= Salvador Pirates =

Confederate Navy sailors

Salvador Pirates was the name given to the band of Confederate Navy sailors that attempted to seize a Panama Railroad coastal steamer on the high seas. Their intent was then to arm her and attack the Pacific Mail steamers and the American whalers in the North Pacific.

In spring of 1864, the Confederate Navy ordered Captain Thomas Egenton Hogg and his command to take passage on board a coastal steamer in Panama City, seize her on the high seas, arm her and attack the Pacific Mail steamers and the whalers in the North Pacific. In Havana, the American consul, Thomas Savage, learned about this conspiracy, and notified Rear Admiral George F. Pearson at Panama City. The Admiral had the passengers boarding the steamers at Panama City watched and when Hogg's command was found aboard the Panama Railroad steamer Salvador, a force from arrested them and brought them to San Francisco.

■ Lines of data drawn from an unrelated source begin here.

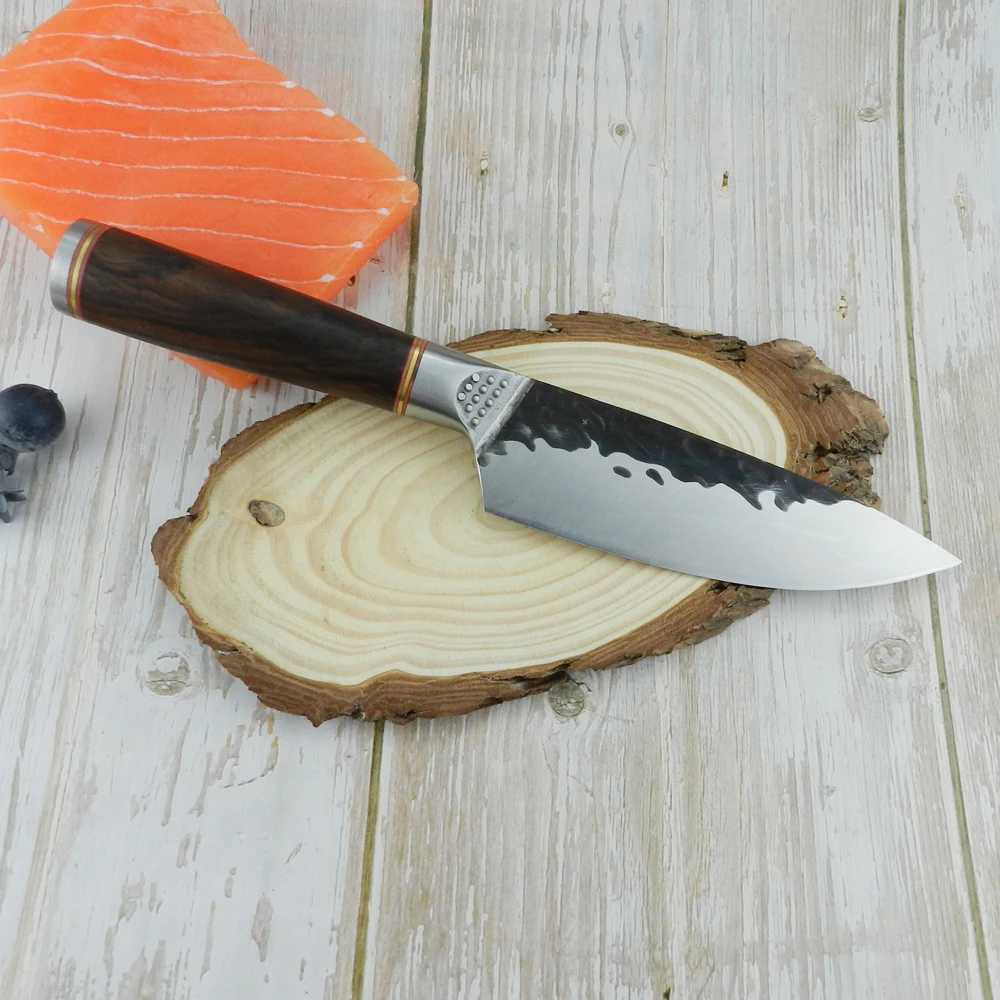 RZD forged steel chef cooking knife 5-inch fruit knife 5CR15mov blade cover camping pocket tool accessories Y241227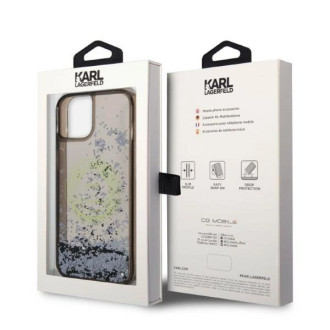 Pouzdro Karl Lagerfeld Liquid Glitter RSG pro iPhone 14 Plus - černé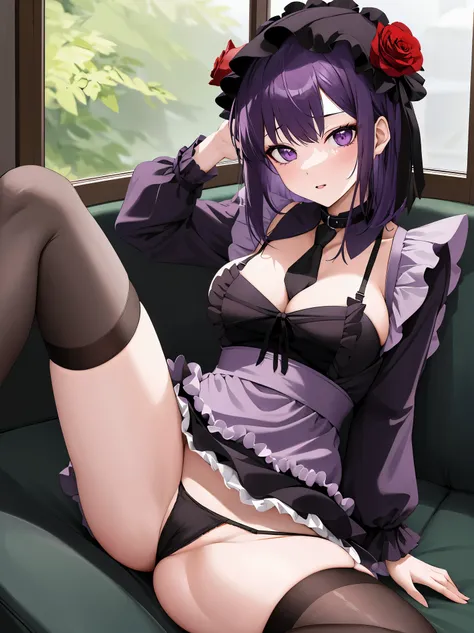 masterpiece, best quality, highres, kitagawa marin, 1girl, purple hair, medium hair, purple eyes, bonnet, red rose, collar, gothic, frills, black dress, black necktie, cleavage, long sleeves, white apron, thighhighs, sitting, spread legs, panty shot, train...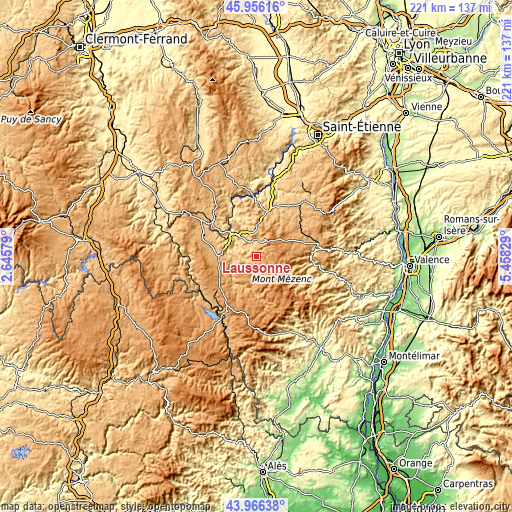 Topographic map of Laussonne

The Salvador Pirates as they came to be called, were tried for piracy by a military commission, convicted, and sentenced to be hanged, but General Irvin McDowell commuted their sentences. To prevent any further attempts to seize Pacific coast shipping, General McDowell ordered each passenger on board American merchant steamers to surrender all weapons when boarding, and every passenger and his baggage was searched. All officers were armed for the protection of their ships.